As explained in the first of this series, while Winsome had a basic (very basic) dressage education, this jumping thing was totally new, and much of Michelle’s early work concentrated on teaching her what all those poles were about…
“With green horses, often the challenge is just to get from one side of the jump to the other. I had Winnie for a week when Laura went away, and what I just did was jump her each day, for a short time, until she understood that she was actually getting from A to B via the jump.”
“The problem is she has too fine a line between hand and leg to a fence, she’d come round a corner, cantering to a fence, and you would just sit for a second, and she would go back to trot, and you’ve lost your rhythm to the fence. For a younger rider, it is important that the horse actually takes them to the fence, so they can sit against the canter if they have some doubt, but the horse still keeps cantering to the fence.”
“A lot of the time, a green horse doesn’t even see the fence.
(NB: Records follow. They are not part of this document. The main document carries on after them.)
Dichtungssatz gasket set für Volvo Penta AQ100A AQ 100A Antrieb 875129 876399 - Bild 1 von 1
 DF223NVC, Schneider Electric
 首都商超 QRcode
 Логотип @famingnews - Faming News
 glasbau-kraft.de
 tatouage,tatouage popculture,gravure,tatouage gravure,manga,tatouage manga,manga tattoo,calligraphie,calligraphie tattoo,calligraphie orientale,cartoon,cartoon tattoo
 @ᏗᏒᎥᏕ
They are looking at the trees, or a car going by, a piece of grass – so as you canter to the fence you know there is a good chance that they are not going to leave the ground, they might walk through it! When we had her for that week our whole concept was to give her the idea that when she turns to a fence, she is going to jump it, she is not going to go round it – she must watch the top rail.”
Since then, Winsome had been back at her new home with Laura, where she discovered something much more exciting than jumping poles – jumping KANGAROOS! So amazing were these animals that Winnie, who has always been somewhat plump, actually went off her feed and fined down a little. She looked great when she came back to another jumping session with Michelle.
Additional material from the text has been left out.